À moitié vide

moitieVide_couv_OK - plat1Grasset, Paris, 2009.
Sélection Prix des Collégiens du Doubs 2009

Le sujet

Quand Violaine découvre un sms amoureux sur le portable de son père et qu’elle prend conscience que ce message n’a pas été envoyé par sa mère, sa vie est bouleversée et, désormais, elle se sent à moitié vide. Pour survivre, elle se met à manger. Le père qu’elle aimait les quitte et Violaine, son petit frère et sa mère apprennent à vivre avec son absence et à reconstruire leur quotidien.

La séparation des parents est un sujet délicat qui concerne de nombreux adolescents. Ce roman est un outil pour ouvrir à des débats en classe. Il peut être lu dès la 2ème année secondaire (la 5ème en France).

Je me couche sur mon lit, ferme les yeux, écoute aller et venir en moi cette marée d’émotions.   Tout ce qui nous arrive, même le pire, finit toujours par passer. Ce n’est pas ma tête qui me parle, ce sont mes cellules, quelque chose de vrai, de fort.   Pendant un moment, tout me paraît dérisoire, inutile, mais la sensation de libération s’échappe dès que je veux m’y accrocher.   Et les pensées lourdes reviennent.   Mon frère, ma mère et l’autre.   Et cette chatte de Sylvia avec lui.   Les images arrivent qui ravivent le malheur : j’imagine qu’il l’embrasse, qu’il la lèche, comme elle dit.   Lui, c’est l’homme qui a participé à ma venue sur Terre et elle, cette salope, c’est qui ?   Qui ?

La paix s’est envolée et l’oppression est revenue, plus forte, peut-être, plus aiguë, mais moins profonde.   Encore une fois, je ne peux pas expliquer ce qui m’arrive.   Même si je me sens malheureuse, je sais qu’au-delà de mon malheur, il existe un autre monde.   Où n’existe que la vie, où l’on n’a pas besoin de fuir les coups parce que les coups n’existent pas.   Je demeure couchée sur mon lit pour que ne s’évanouisse pas cette impression étrange de plénitude derrière le désastre.   Ma mère s’active de l’autre côté de la porte; j’entends ronfler l’aspirateur.   Mon frère écoute sans doute de la musique dans sa chambre. Si mon père était assis dans le salon avec un journal dans les mains, tout serait normal.   Nous redeviendrions une véritable famille, mais monsieur n’est pas là, chez sa maîtresse peut-être, à lui faire des mamours et à lui promettre monts et merveilles.   «Oui, ma chatte, je vivrai avec toi dès que je me serai débarrassé de cette femme que je n’aime plus et des deux mômes qui l’accompagnent, oui, ma chatte, nous ronronnerons ensemble pour toujours, approche-toi donc que je t’embrasse, tu sais que tu es à peine plus âgée que ma fille ?»

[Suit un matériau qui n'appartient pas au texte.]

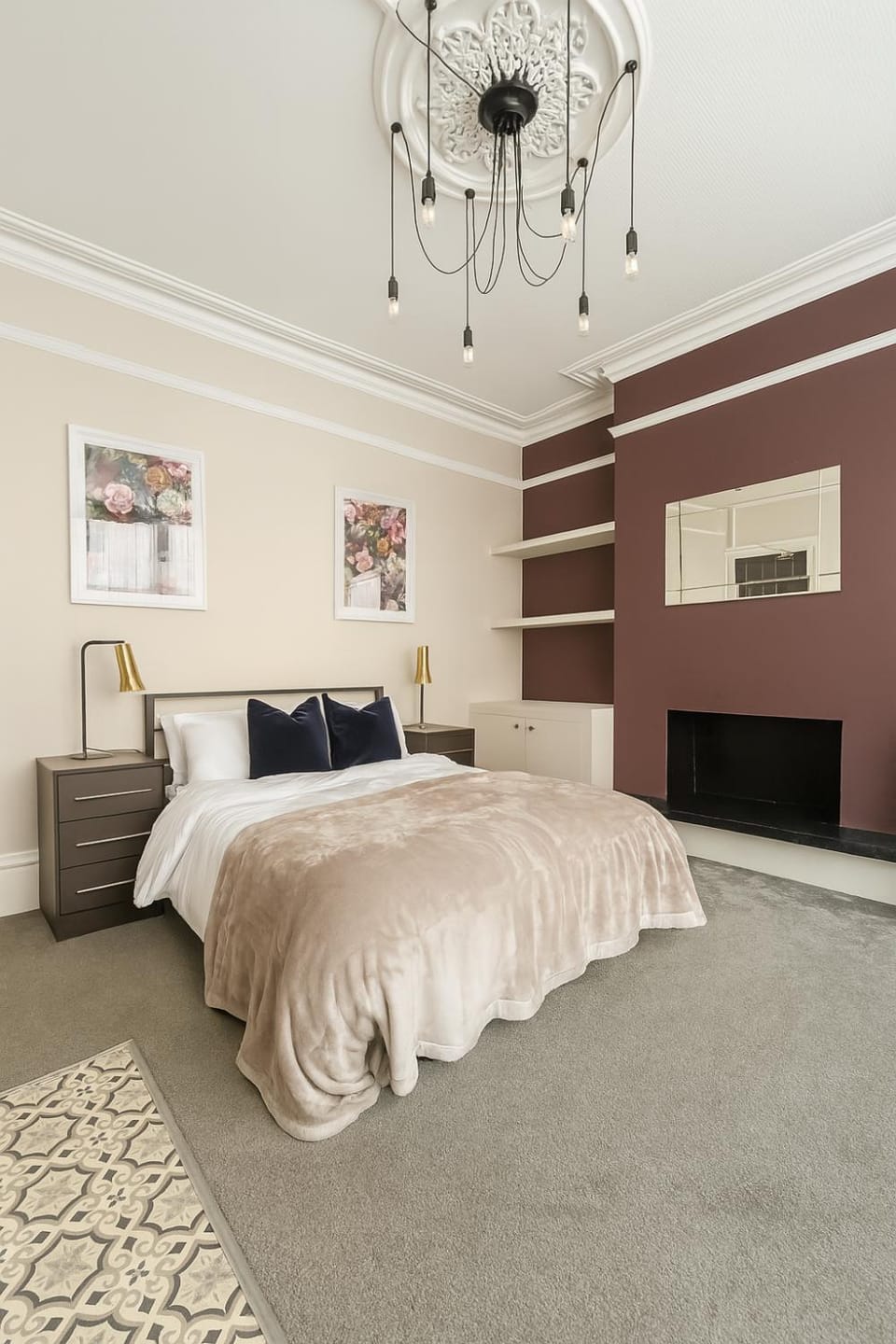 Large 4 Bed Home from Home - Derby - FREE Parking, Great for Groups - Hosted by Stay Host Save Apartment in Derby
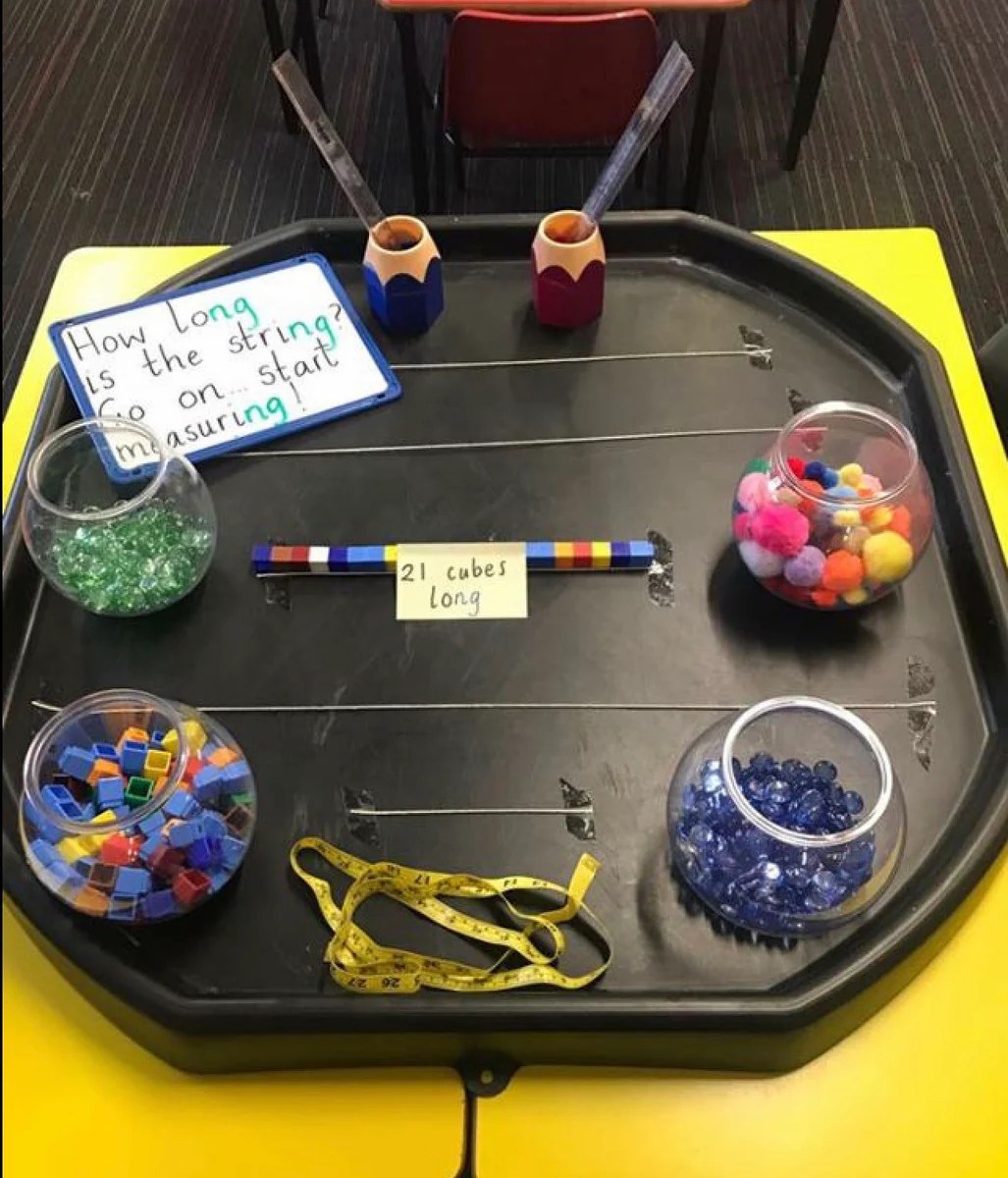 20th October 2019. Continuous Provision Photo Blog SettingUp in Rece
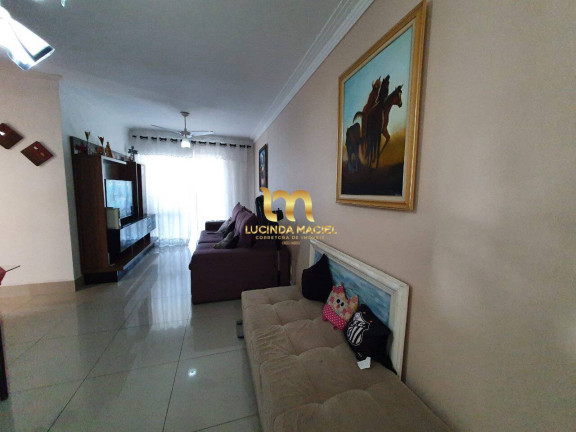 Apartamento com 2 Quartos à Venda, 96 m² em Boqueirão - Praia Grande
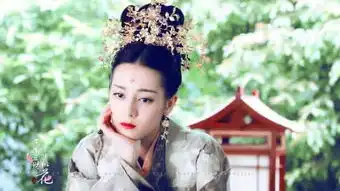 迪丽热巴在各个剧中的妆容,你最爱哪个
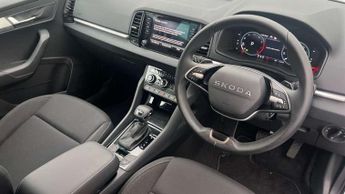 Skoda Karoq 1.5 TSI SE Edition 5dr DSG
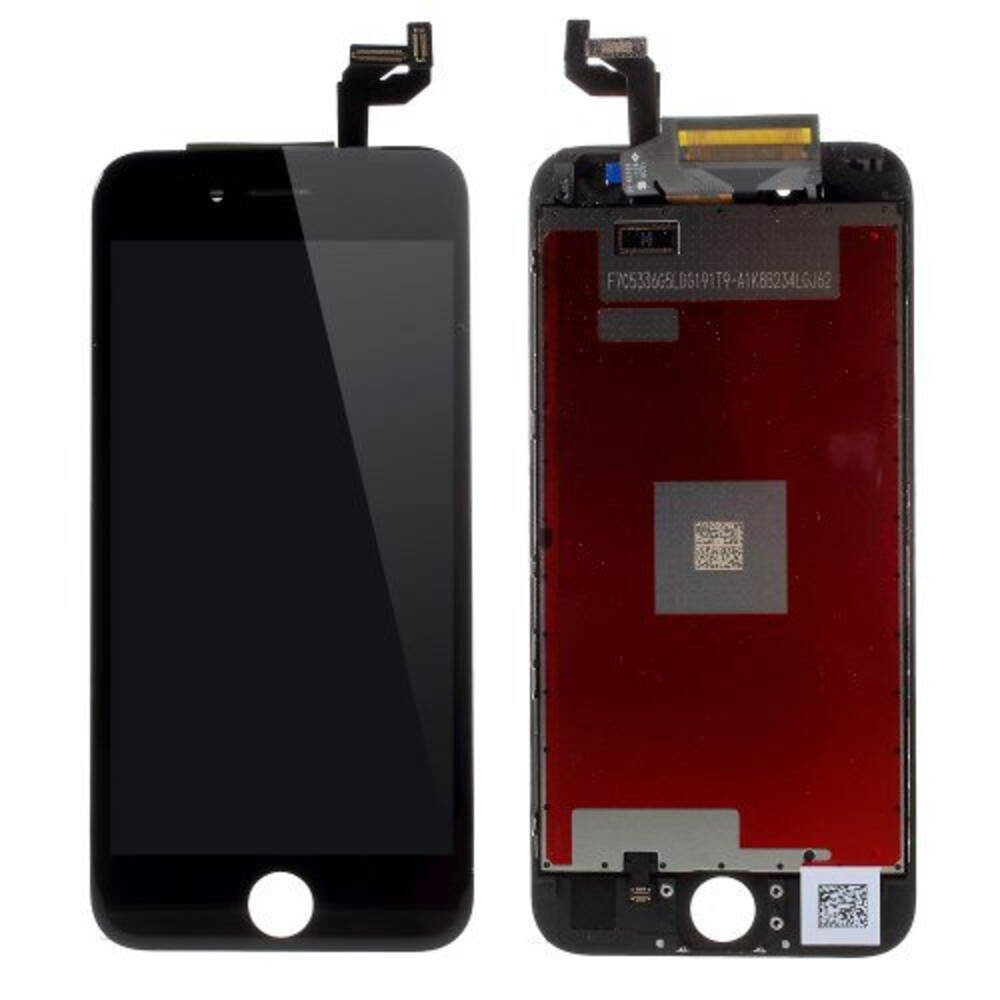 Apple iPhone 6s - LCD + Touch Black Incell
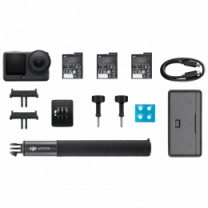 Екшн-камера DJI Osmo Action 6 Adventure Combo (CP.OS.00000506.02)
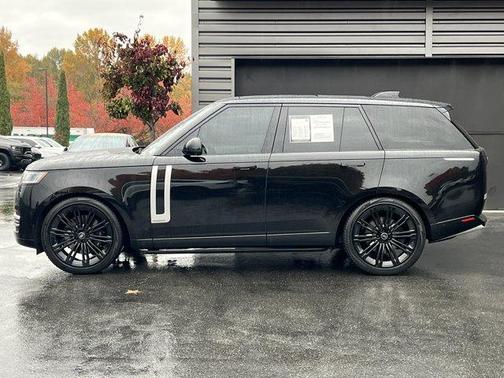 2023 Land Rover Range Rover Autobiography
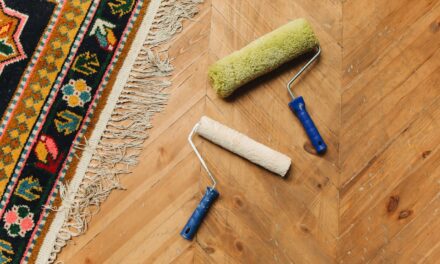 How to Clean Paint Spills from Carpets Without Damaging Them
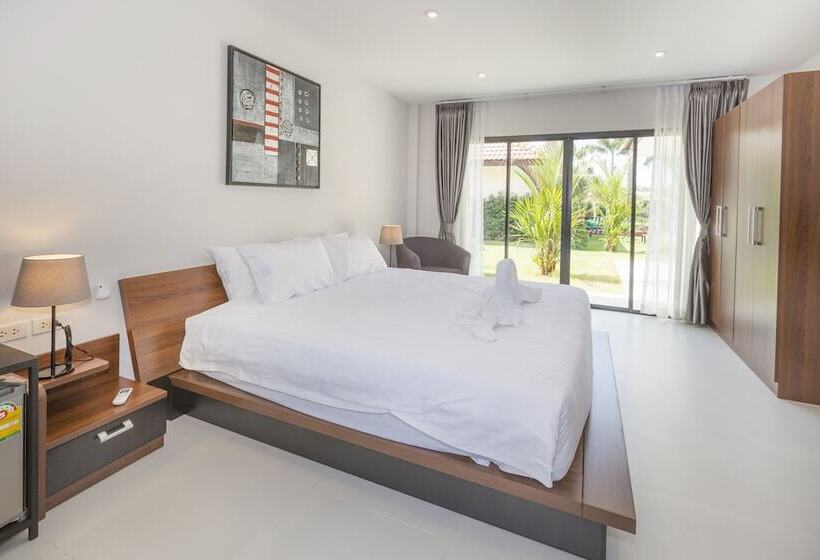 هتل Tamara Resort Bangsary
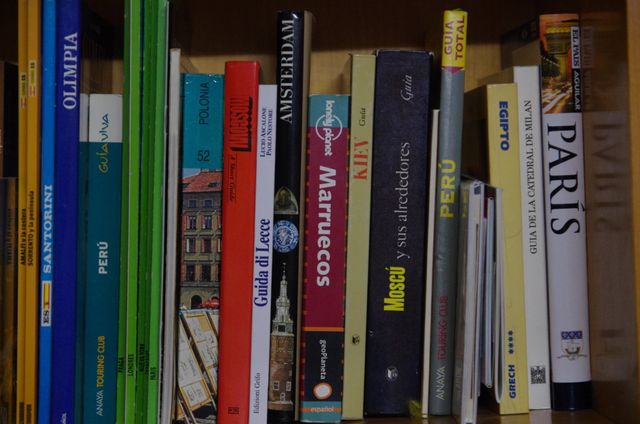 Guias de turismo monumentos ciudades países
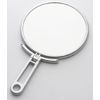 Azumaya ACH-8740SV Hand Mirror with Magnifying Glass
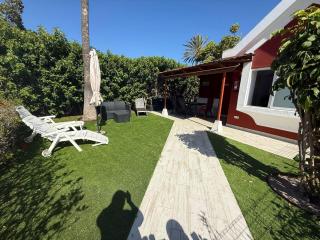 Maspalomas Garden Bungalow with BBQ - 2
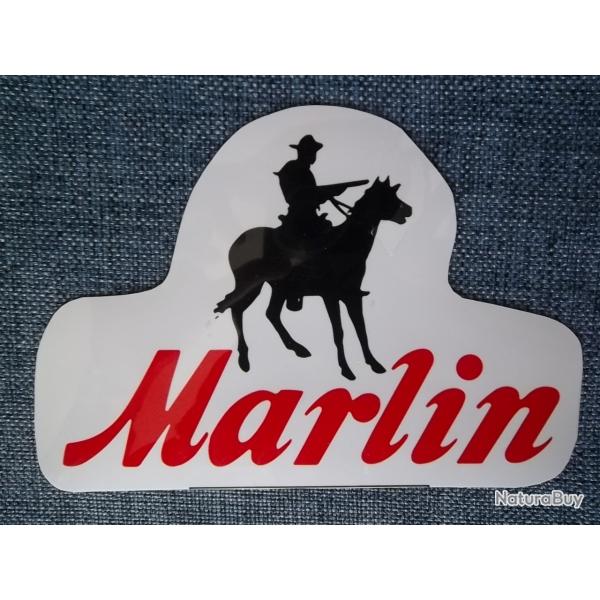 AUTOCOLLANT MARLIN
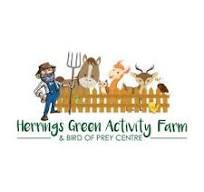 Herrings Green Activity Farm logo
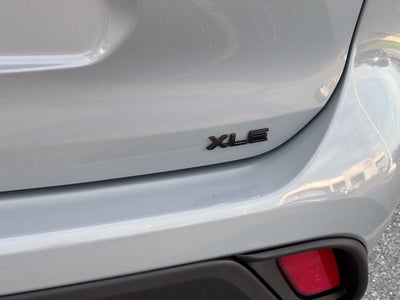 2024 Toyota Highlander Hybrid XLE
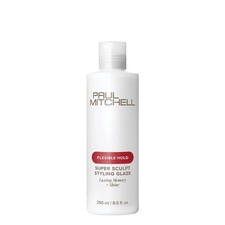 PAUL MITCHELL - FLEXIBLE HOLD - Super Sculpt Glaze (250ml) Glaze Modellante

Putain, faut débrancher, Violaine !   Mon imagination me file des idées noires et des boutons.   Sa Sylvia a trente-cinq ans, il me l’a dit : il est donc tout à fait inutile que je fabule.   C’est comme ça qu’on se rend malade; en construisant des châteaux de cartes qui ne résisteront pas à un éternuement du réel.